Appointed in July, the five-man association has announced the indefinite postponement of the league’s most eagerly-anticipated fixture - the Cairo derby between Al Ahly and arch-rivals Zamalek that was to take place last weekend - on the advice of security officials.

Al Ahly responded by refusing to play any Egyptian Premier League matches until after the derby is played, including one against Al Gouna slated for Wednesday.

The EFA is standing its ground and on Sunday named the match officials to take charge of the Al Gouna-Al Ahly tie on the Red Sea coast. If Al Ahly fail to fulfill the fixture, the 41-time national champions stand to be docked six points and fined 200,000 Egyptian pounds (Dh45,347).

Zamalek are currently second in the table with 10 points from four matches. Al Ahly are third with nine points from three games. The two Cairo teams are Egypt’s most storied and decorated clubs.

Security concerns have cast a dark shadow over Egyptian football since the death in 2012 of more than 70 fans in a post-match riot in the Mediterranean city of Port Said, one of the world’s deadliest football tragedies. Most of the victims were Al Ahly fans. Three years later, about two dozen fans died in a stampede outside a military-owned stadium in a Cairo suburb after police fired tear gas on fans waiting in line to see the match.

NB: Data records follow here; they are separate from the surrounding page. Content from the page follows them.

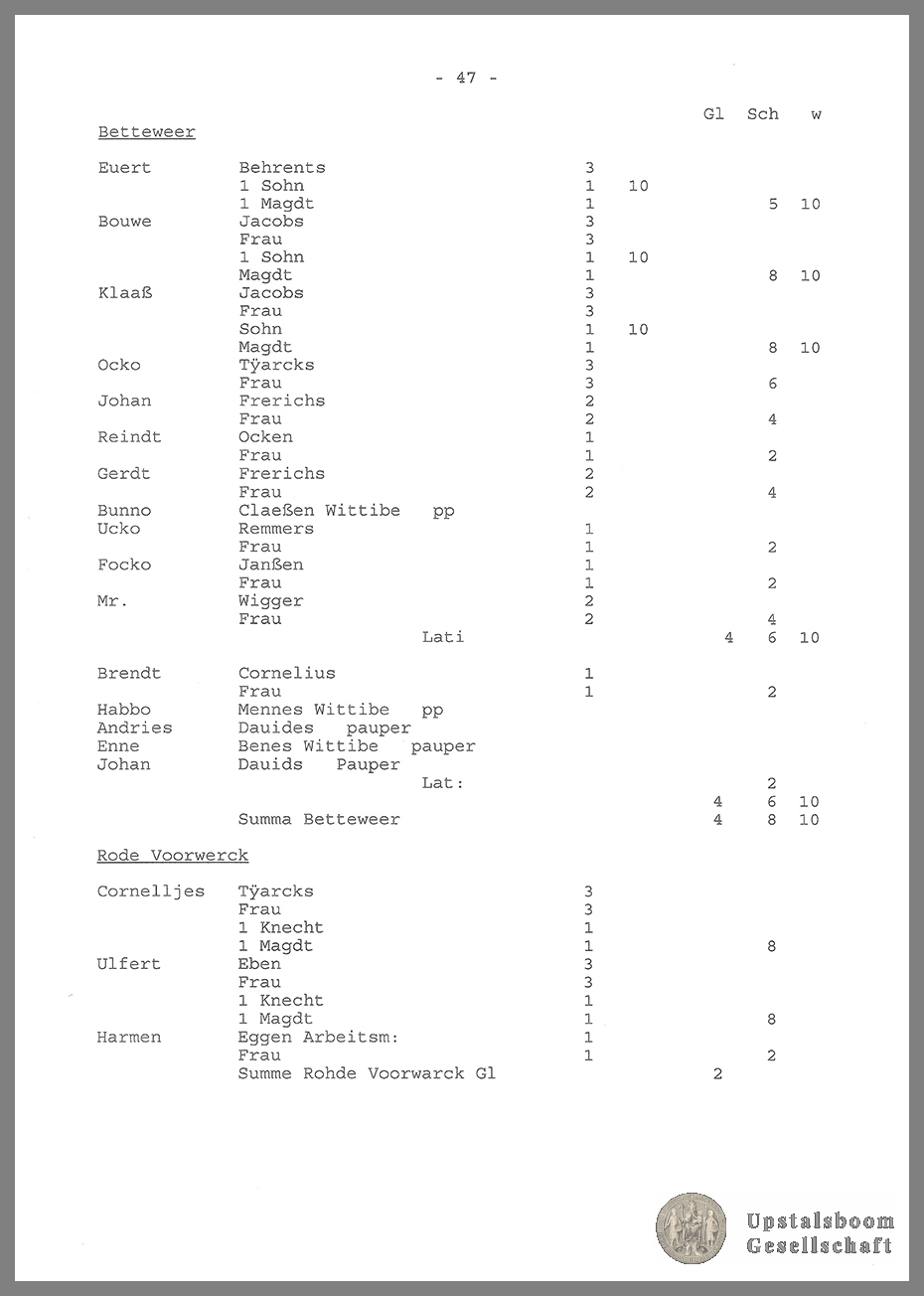 Document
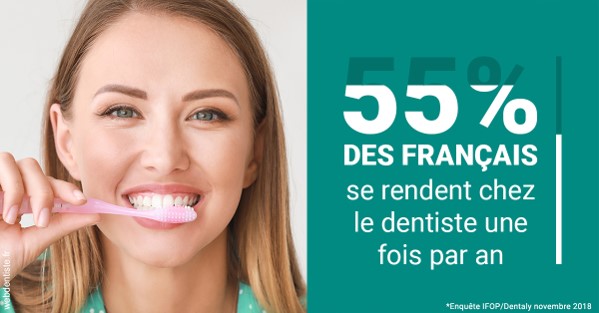 https://www.dentiste-neuville.fr/55 % des Français 2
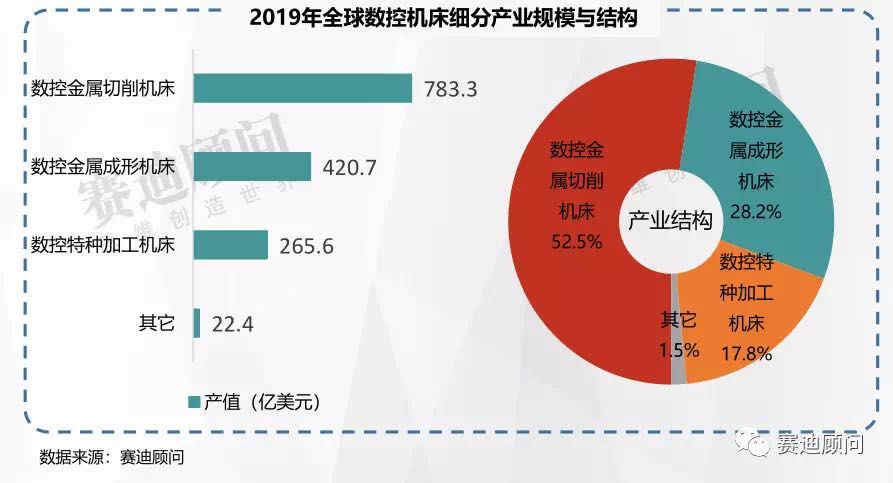 开云 开云体育平台“奔涌吧机床后浪” -从全球机床产业数据品读钣金新势力(图2)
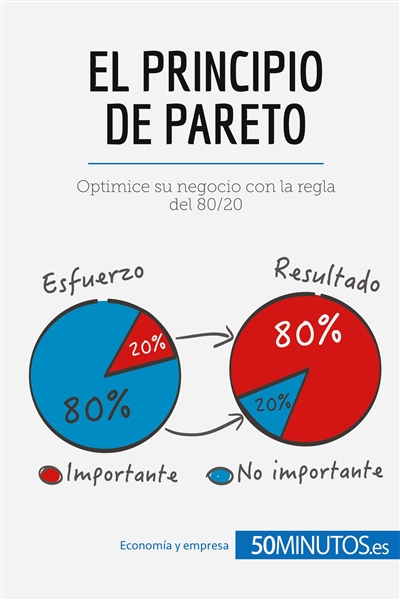 El principio de Pareto :...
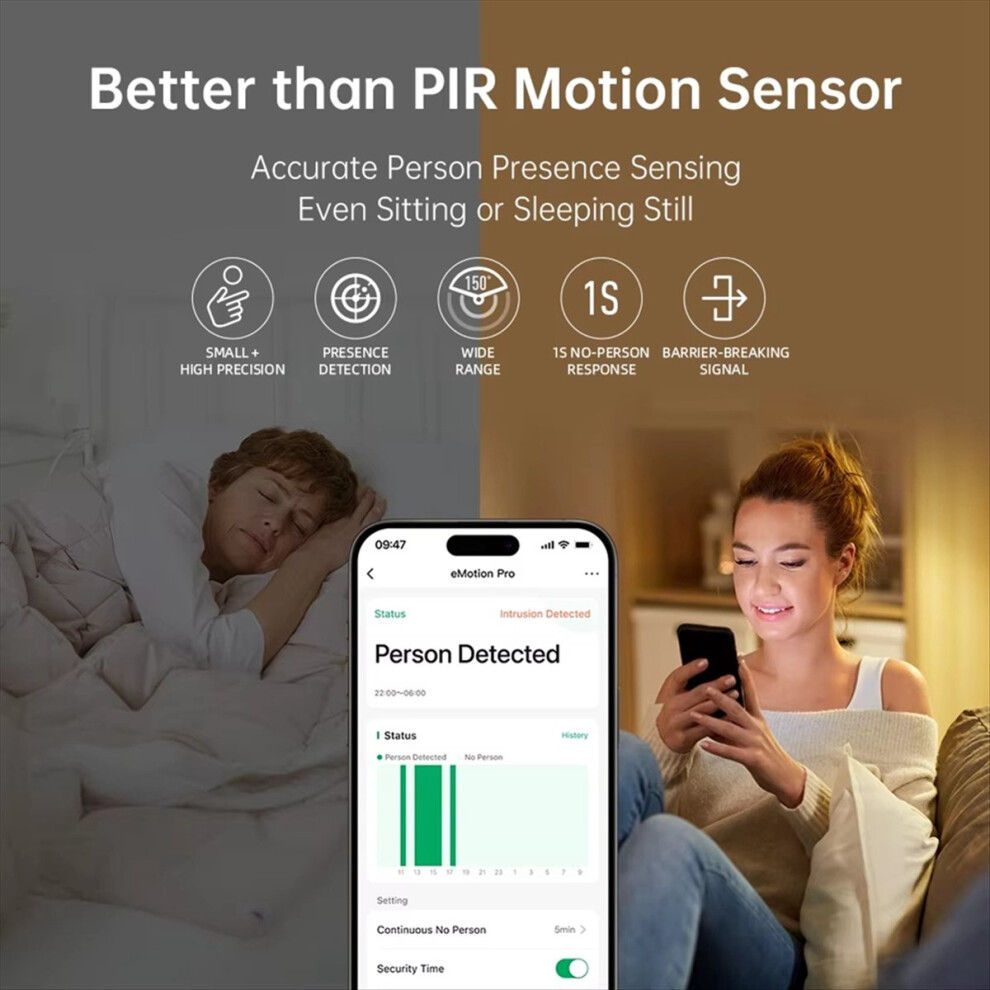 EMotion Pro Wi-Fi 24Ghz MmWave Radar Presence Sensor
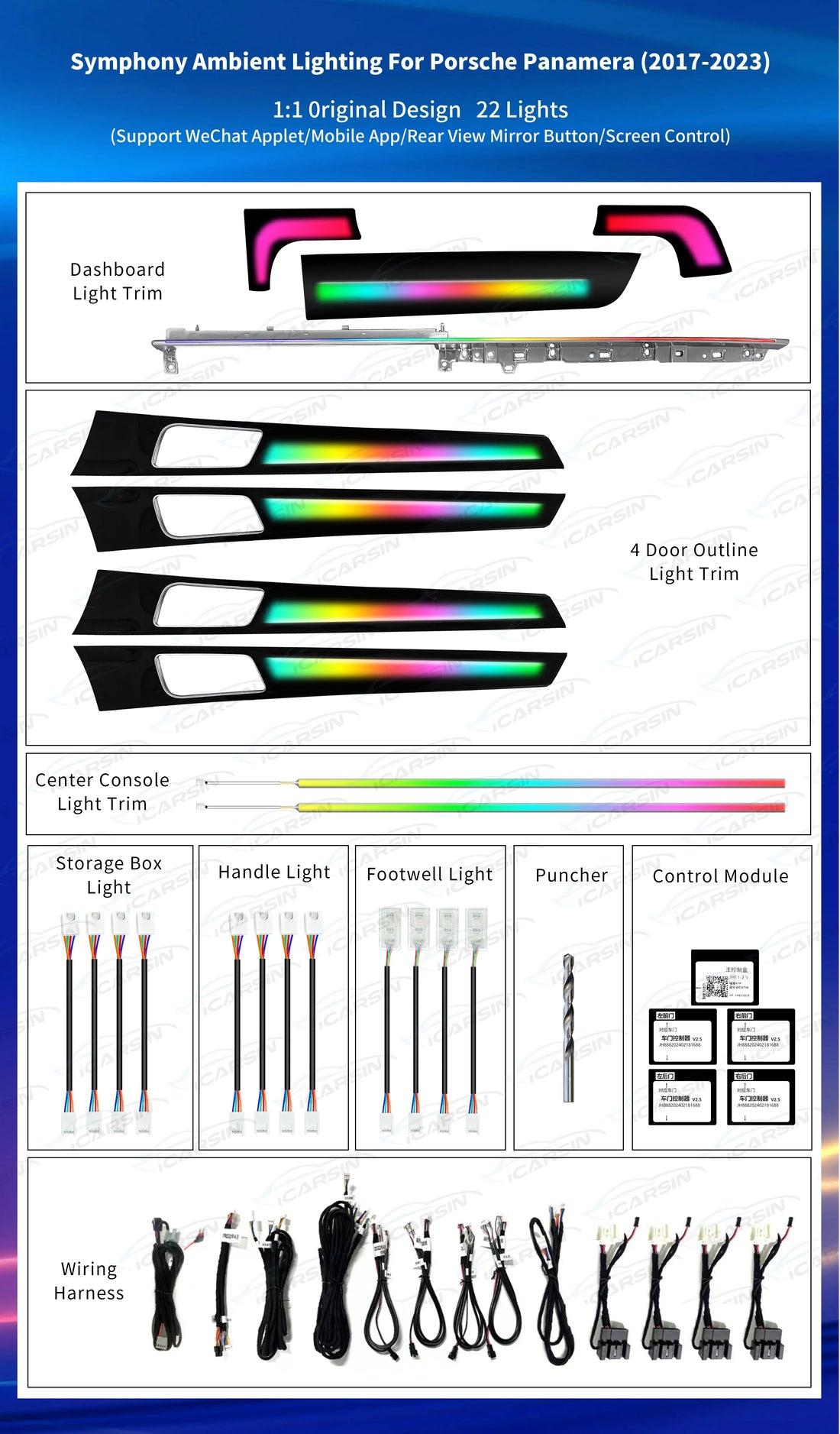 Ambient Light for Porsche Panamera 2023-2017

Egypt's police and security forces have always had a say in how football in the country is run, but the 2012 and 2015 tragedies have given them veto power over venues, the number of spectators allowed into stadiums as well the fate of fixtures designated as a security risk. That, in turn, meant that proceeding with a reliable schedule for fixtures was virtually impossible. Moreover, suspected bias by association officials in favor of one club or another has produced countless disputes.

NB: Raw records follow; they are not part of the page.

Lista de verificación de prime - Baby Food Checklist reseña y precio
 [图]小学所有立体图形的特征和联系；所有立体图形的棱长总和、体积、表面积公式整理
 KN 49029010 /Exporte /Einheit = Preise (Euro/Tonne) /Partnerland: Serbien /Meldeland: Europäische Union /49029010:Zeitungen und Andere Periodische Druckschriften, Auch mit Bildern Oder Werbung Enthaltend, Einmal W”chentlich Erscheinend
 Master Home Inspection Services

"The security folks normally have intelligence that forces them to order the postponement of matches or changes in venue," said football writer Mahmoud Al Makhbazy of Cairo daily Al Akhbar. "But they never give details."

Over the past three weeks, two marathons, one that was to be held at a Red Sea resort and another in Alexandria on the Mediterranean coast, have been cancelled at short notice, prompting speculation that the reasons were security-related.

Security has been heightened in Cairo and elsewhere in the country since small and quickly dispersed anti-government protests took place in the capital and four other provinces on September 20. The protests unleashed the biggest security crackdown in years, with the country’s chief prosecutor saying around 1,000 people were detained in connection with the protests.

Hundreds have been released since, but one rights group - the Egyptian Commission for Rights and Freedoms - has put the original number of arrests at more than 3,000, a figure that could not be verified by The National.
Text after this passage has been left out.